▶ **Task requirements**:
Your answer should hold exactly the lines below from the line with "Na u&scaron;ću Morače" through the line with "Live-fire Test Conducted", both included, and no pictures at all.

▶ **Source data**:
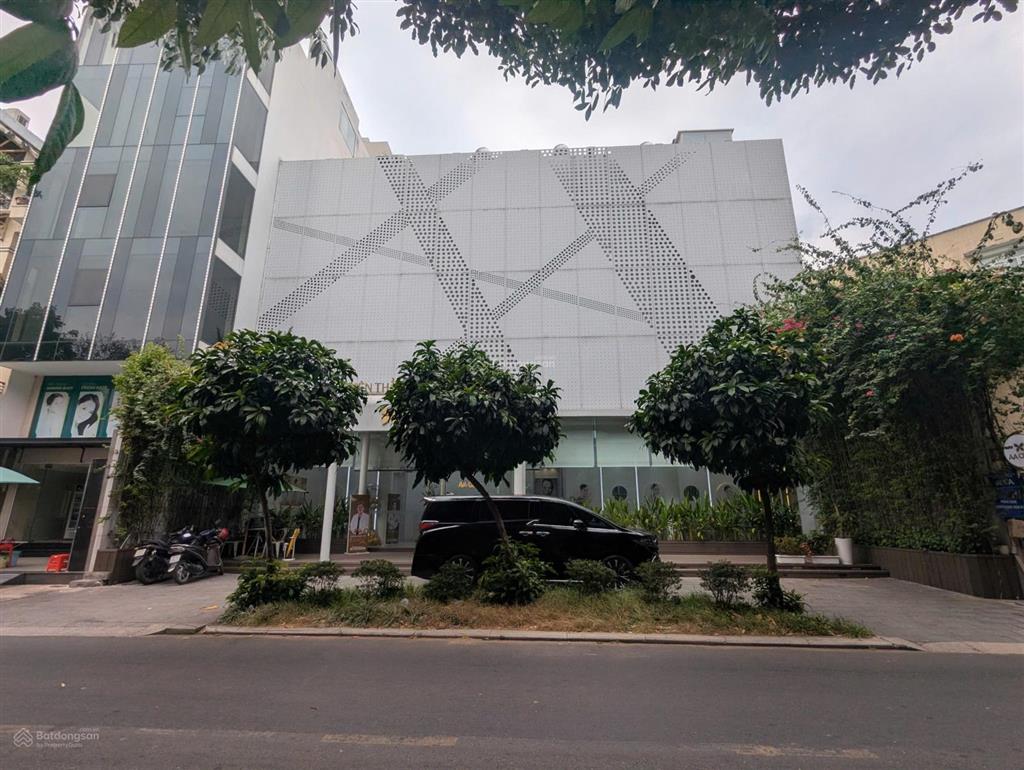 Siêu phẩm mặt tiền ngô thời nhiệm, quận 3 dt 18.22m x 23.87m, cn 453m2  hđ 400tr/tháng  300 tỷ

---

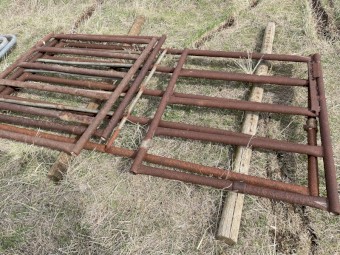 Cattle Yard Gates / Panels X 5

---

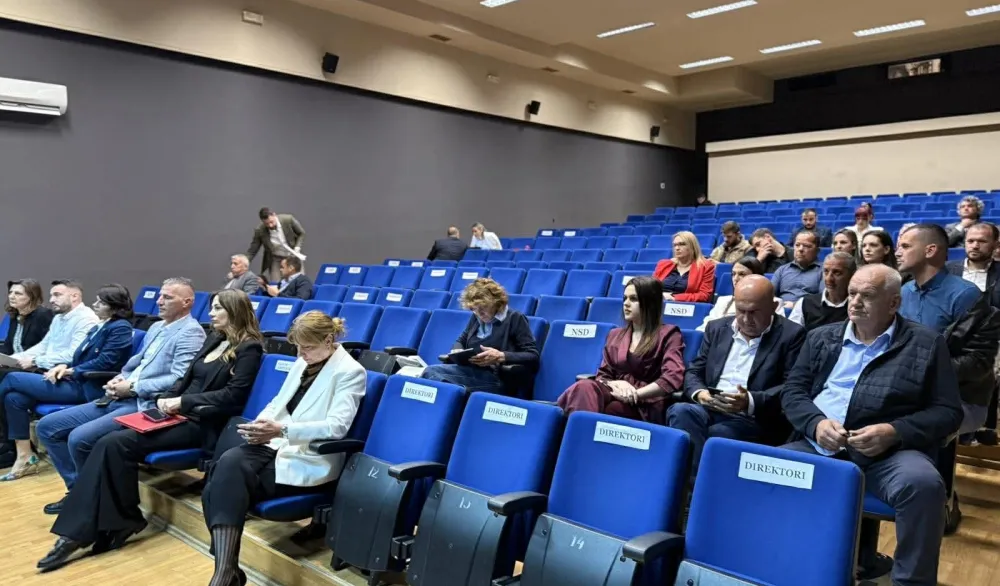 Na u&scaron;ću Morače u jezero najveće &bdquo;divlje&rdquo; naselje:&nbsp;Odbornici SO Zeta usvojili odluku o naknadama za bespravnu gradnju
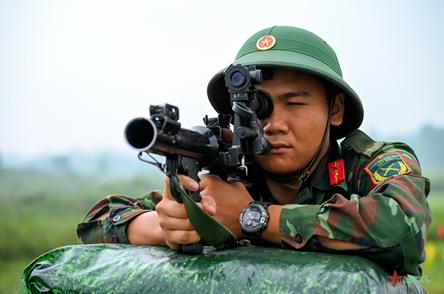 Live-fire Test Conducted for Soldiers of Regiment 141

▶ **Response to this exercise**:
 Na u&scaron;ću Morače u jezero najveće &bdquo;divlje&rdquo; naselje:&nbsp;Odbornici SO Zeta usvojili odluku o naknadama za bespravnu gradnju
 Live-fire Test Conducted for Soldiers of Regiment 141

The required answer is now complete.